黒田東彦・日銀総裁は、自ら今回の金融緩和を「質、量ともに異次元」と評している。質のほうはきわめてオーソドックスだ。しかし、量に関しては、明らかに異次元の領域に踏み込んでいた。
なにしろ日銀は、毎月7兆円を超える国債を買い続けると宣言したのだ。そんなことをしたら国債市場はどうなるのか。疑心暗鬼が広がった。一番不透明なのは、他の投資家は国債を持ち続けるのか、ここで売るのかということだ。日銀だけが買うとなると、むしろ不安定化するのではないか……。
そんな市場心理を受けて、金利は乱高下を繰り返している。国債市場ではいったん0.3%台まで下がった10年物国債の利回りが、その後1週間で0.6%を超え、5月半ばには0.8%台へ急上昇。長期金利の目安となっている国債の金利が上がったため、住宅ローンなどの金利も上昇した。結果、先行きの不透明さを嫌った大手銀行などは国債市場から逃げ出してしまった。生保はいま迷っているところである。金利を下げるために国債を大量購入したのに、金利を上げてしまったのだから、異次元の金融緩和は明らかに誤りだ。
長期国債金利は5月下旬時点で0.8%台をつけているが、金融緩和の効果により今後いったんは下落しそうだ。しかし、近い将来上昇に転ずるのは必至だろう。
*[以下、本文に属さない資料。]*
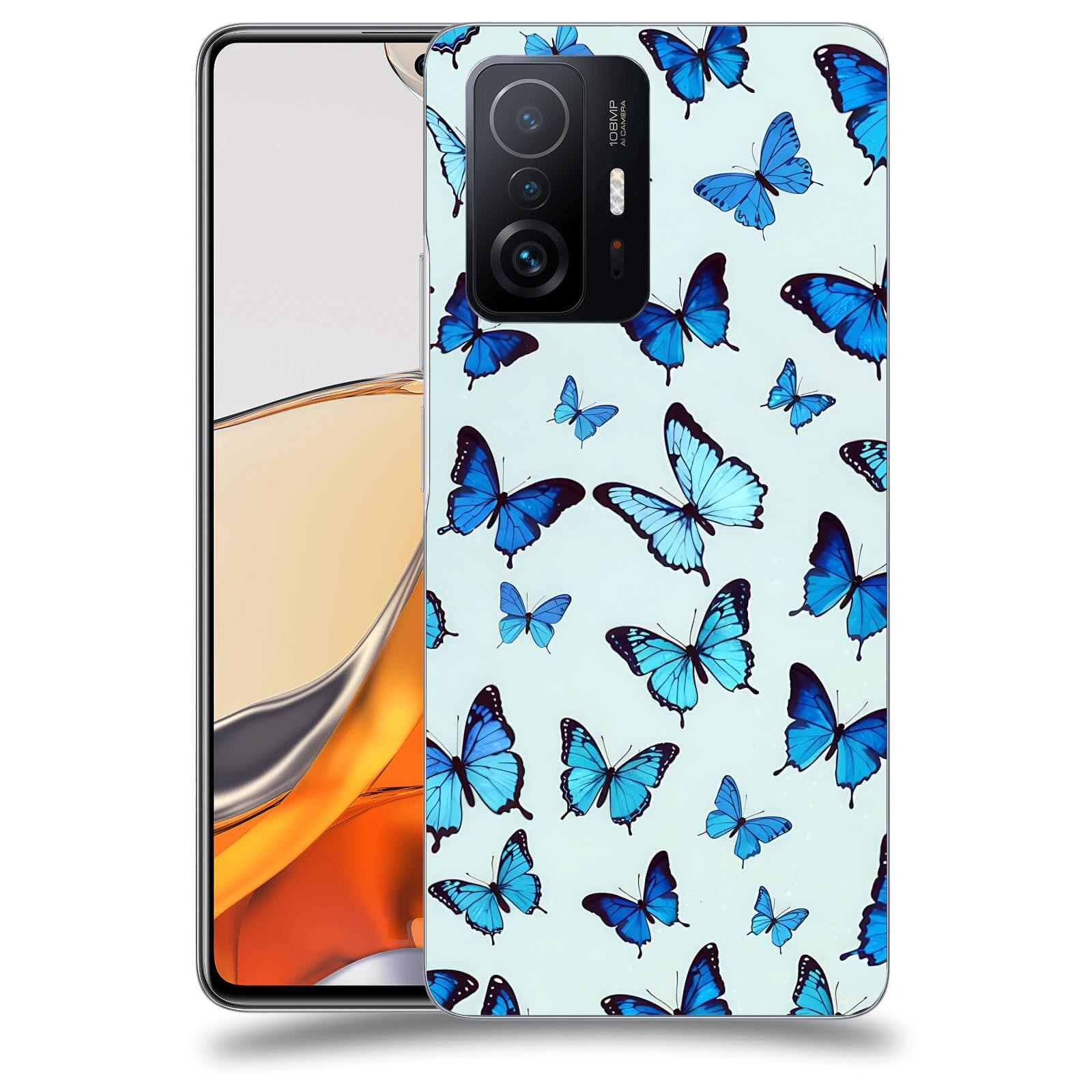ACOVER Kryt na mobil Xiaomi 11T Pro - Svoboda a Lehkos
理由は日銀が掲げるインフレ目標だ。現在の長期国債の金利0.8%はマイナス1%のデフレを織り込んでいると考えれば、実質金利は1.8%となる。一方、〔名目金利=実質金利+期待インフレ率〕だから、日銀が「2年で2%」のインフレ目標を掲げ、その実現を国民が信じているかぎり、長期金利(名目金利)は3.8%にならなければおかしいのだ。
したがって、異次元緩和に成功しても失敗しても金利は必ず上がる。金利上昇は国債価格の下落を意味するので、向こう2年の間に日本国債の価格は必ず下がるのだ。
もし暴落すれば国債を大量に持つ機関投資家には大きな痛手。なかでも預貸率が低く、資産に占める国債の比率が高い地銀・信金など中小金融機関は、ほかに投資先がないので投げ売りもできず、国債を持ったまま座して死を待つしかなくなる。最悪のシナリオだ。
それを防止するために、日銀は必死で国債を買い支えるだろう。しかし、ここで暴落を食い止めることができても、さらに悪い事態が待っている。国債市場が死んでしまう。つまり、金融市場として機能しなくなるのだ。政府の立場では、暴落がないと思えば安心していくらでも国債を発行できるので、誰も本気で財政再建に取り組もうとしなくなる。
そうなれば、たとえ価格が下落しなくても、格付けは下がり、民間のまともな投資家は日本国債に手を出さなくなる。したがって、個人が投資として日本国債を買うことなど決して勧められない。
気を付けなければいけないのが、物価が上がれば利子が増える「物価連動国債」だ。これはやめたほうがよい。リフレ(インフレをあえて起こす)政策で期待インフレが膨らんだとしても、物価そのもの(消費者物価)は上がらない。そうなると金利も増えない。つまり、金利上昇リスクへのヘッジになっていないのだ。国債における最大のリスクは、物価ではなく名目金利の上昇だということを忘れてはならない。